Dito isso, ainda falta a Arbid um tanto para que consiga
realizar o tipo de cinema que faz hoje uma Lucrecia
Martel - certamente a melhor comparação
em termos de estilo e interesses com o cinema de Arbid.
Não vai aí quase nenhum demérito
à realizadora libanesa, afinal o olho e o domínio
de linguagem de cinema que Martel possui não
são mesmo de se esperar ver-se reproduzidos a
toda hora. Mas, ainda assim, é impossível
fugir da comparação para que se perceba
o que ainda falta a Arbid. Falta, antes de tudo, perceber
que certas conceituações teóricas
sobre determinados planos ou sequências de seus
filmes devem ser menos importantes que as suas personagens
e os movimentos destas em cena - por vezes o cinema
de Arbid soa por demais "pensado" para causar
o efeito poético, ao invés de apenas poético
por si mesmo. Falta, também, conseguir dar a
todas as suas personagens a mesma densidade, operação
que Martel realiza com maestria, em especial no último
La niña santa. Eventualmente, a figura
do pai ou da tia mais velha soam um tanto esquemáticas
aqui neste filme libanês, e mesmo a menina protagonista
não tem a força de presença que
se desejaria dela em alguns momentos.
Mas, dito isso, há muito mais a se comemorar
pela raridade de olhar que Arbid apresenta do que a
reclamar de suas limitações ainda latentes.

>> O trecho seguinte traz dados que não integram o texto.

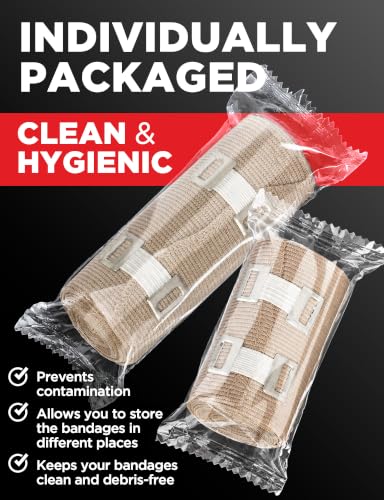 Premium Elastic Bandage Wrap - 8pk (4x3in, 4x4in) + 24 Extra Clips - size: 8 Pack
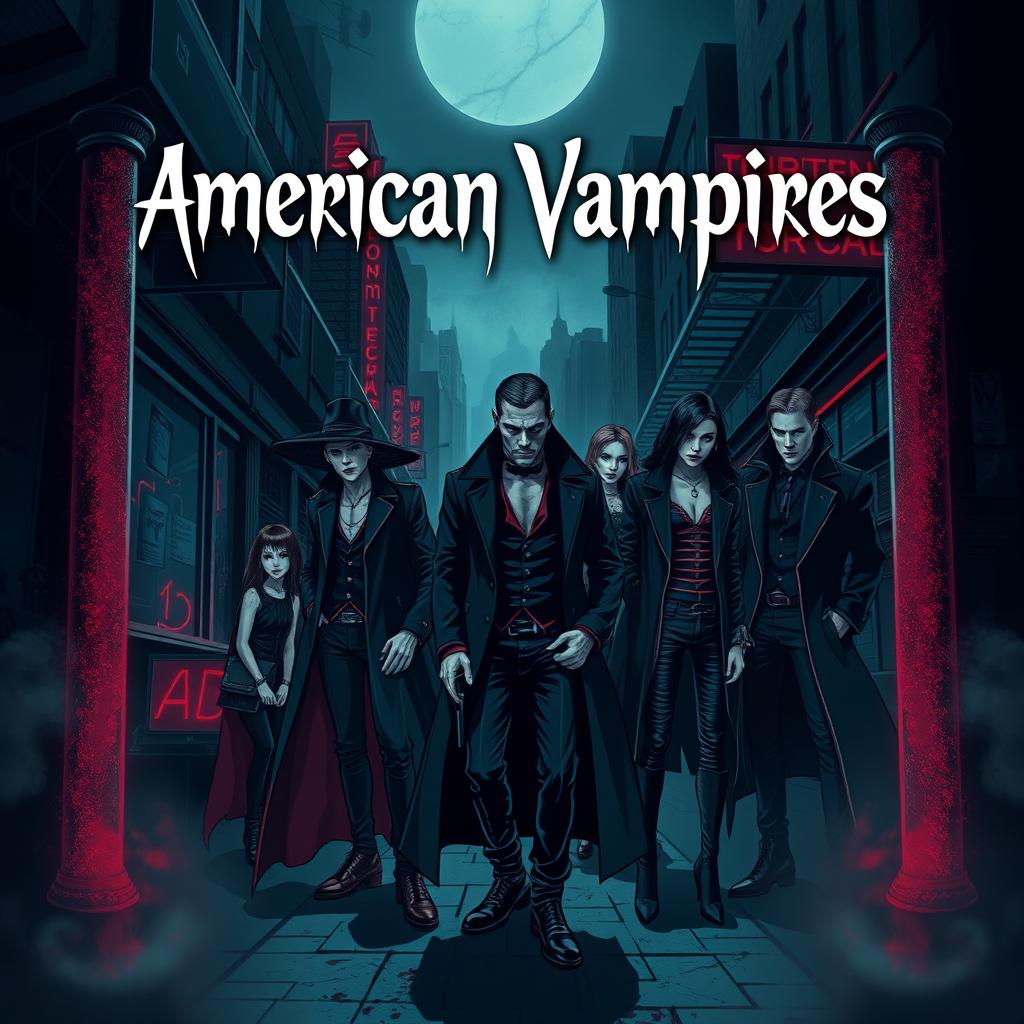 Create an image titled 'American Vampires' featuring a dark and eerie scene with modern American vampires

Os momentos em que consegue articular alguns belíssimos
planos de partes de corpos, de imagens não completas
são especialmente impressionantes. Da mesma forma
que sua junção da Grande História
(no caso, o Líbano dos anos 80) com a (nada)
pequena história da vida de suas personagens
nunca soa forçada, sempre funcional e bem articulada
(como quando uma personagem, amedrontada, afirma a outro:
"As bombas estão chegando perto". E
ele: "O que eu posso fazer?"). Por isso tudo
é que, se ao longo do filme Arbid perde um pouco
sua capacidade de surpreender-nos com suas imagens,
não devemos deixar de lado a surpresa da descoberta
que é, como um todo, este seu primeiro longa.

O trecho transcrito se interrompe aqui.